Next Thursday, that community can celebrate life with dogs when the Bow Wow Film Festival returns to the Durango Arts Center to benefit the La Plata County Humane Society. The event features 90 minutes of short films about dogs, as well as door prizes (a.k.a. doggy bags), raffles and of course, adoptable dogs.

The festival is the brainchild of Susan Kelley, a Boulder resident who started the traveling film festival last year as a way to help animal shelters. That first year, the event raised over $40,000 for animal welfare groups across the country.

Kelley says she’s been amazed by the response. An elderly woman from California even emailed her afterward to say attending the festival was “life-changing” and she’d finally overcome her fear of dogs.

“Our films tell wonderful stories of pups and their people, how we find delight, joy and solace with them,” Kelley says. “I have been thrilled at how much fun people have at this event as well as how much it moves people.”

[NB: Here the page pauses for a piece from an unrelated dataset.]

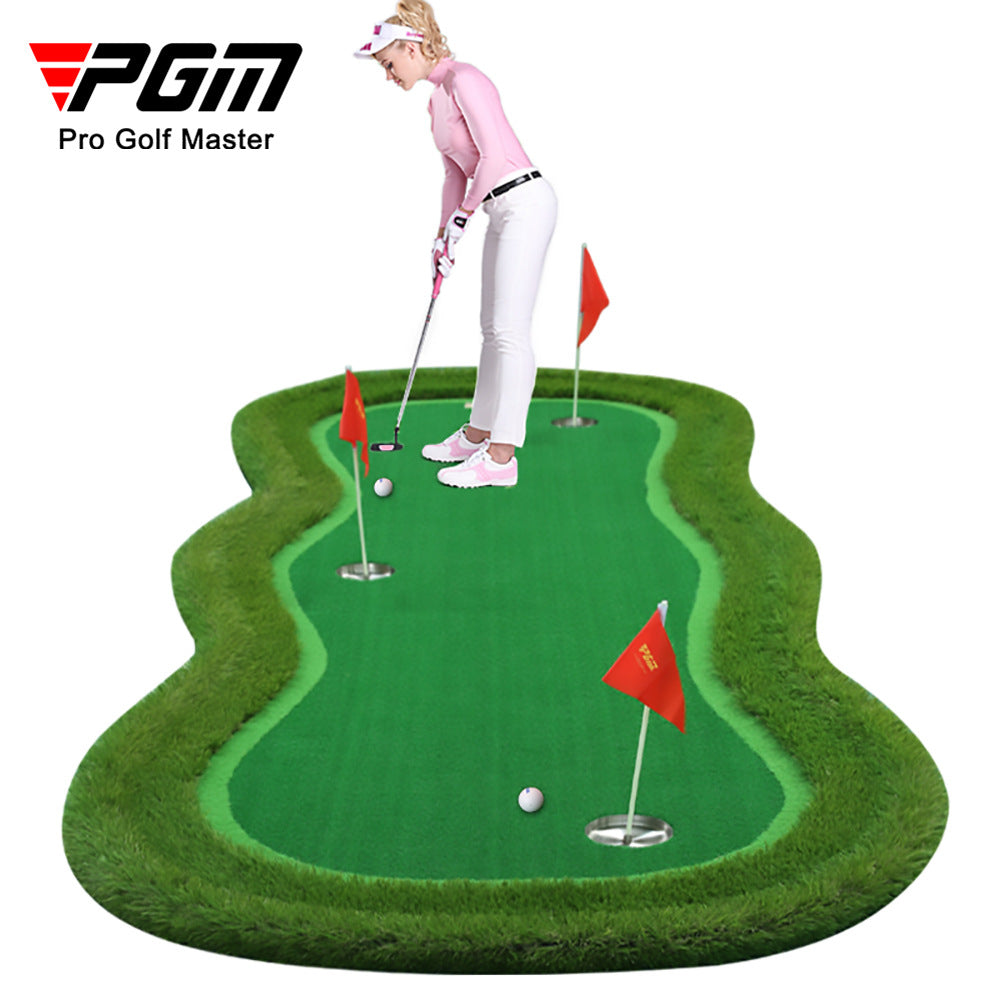 Putting Mat Golf Green Indoor Practice Blanket - MAXXLIFE ONLINE STORE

This year’s selection features entirely new films, with subjects as varied as a puppy learning to ski; a doggie drill team in Maryland; an adventure in the Utah desert to celebrate a milestone; Frank, a canine social media star with an advice column; and the moving story of a dog who helped a young man with autism. There should be something for everyone.

“For the Durango crowd, we have a fantastic movie about a girl, a dog and a bike,” she notes.

Kelley says she is excited to bring the Bow Wow Film Festival back to Durango.

“We had a great time last year. The La Plata County Humane Society was fantastic to work with, and the Durango crowd was off-the-charts fun, cheering and clapping and whooping. It was a blast,” she said. “And there’s great community support. Alpine Bank and Zuke’s both came on board to support the event.”

La Plata County Humane Society’s Jonelle Jones holds 2-month old Australian Shepard puppy Tecate on Monday morning at the shelter. In its first year, the Bow Wow Film Festival raised more than $40,000 for animal welfare programs across the country, including the LPCHS./ Photos by Jennaye Derge

Stacy Johnson, sponsorships and events manager at Zuke’s, says the Bow Wow Film Festival is in line with the company’s values, from the social responsibility that comes with a pet to highlighting the loving bond between people and pets and encouraging an active, healthy life for both.

“A dog-centric film festival in our very own hometown? How could we not offer our support and sponsorship? We are so grateful to the La Plata County Humane Society for all they do for the animals in our community and look to support them in any way we can,” Johnson says.

The La Plata County Humane Society (LPCHS) has started a number of initiatives to increase animal adoptions, from building a canine play yard to teaching young people at our juvenile detention center to train dogs in basic obedience. As a result, LPCHS hasn’t had to euthanize a dog for space in more than eight years.

Chris Nelson, director of animal services at the LPCHS, was immediately interested in partnering with the Bow Wow Film Festival when Kelley approached him  last year. The festival’s production team also produces a fly fishing festival that Nelson, an avid fisherman, “always” attends, so he figured the dog films would also be high caliber. His instincts were right.

“We’re a very dog-friendly community, and the chance to come out and watch a bunch of cool movies about dogs was really exciting,” Nelson said. “I think we all like to celebrate dogs.”

The festival also offers a chance to raise awareness about the dogs at the shelter. Nelson invites everyone to come to the Bow Wow Film Festival to meet some of the available dogs and learn more about different shelter animals looking for forever homes.

“We’re always looking for people to adopt our animals. We’ve got a lot of great dogs and cats up for adoption right now,” Nelson says. “Come on down and see us at the film festival. And more importantly, come on down and see us at the shelter and check out some animals.”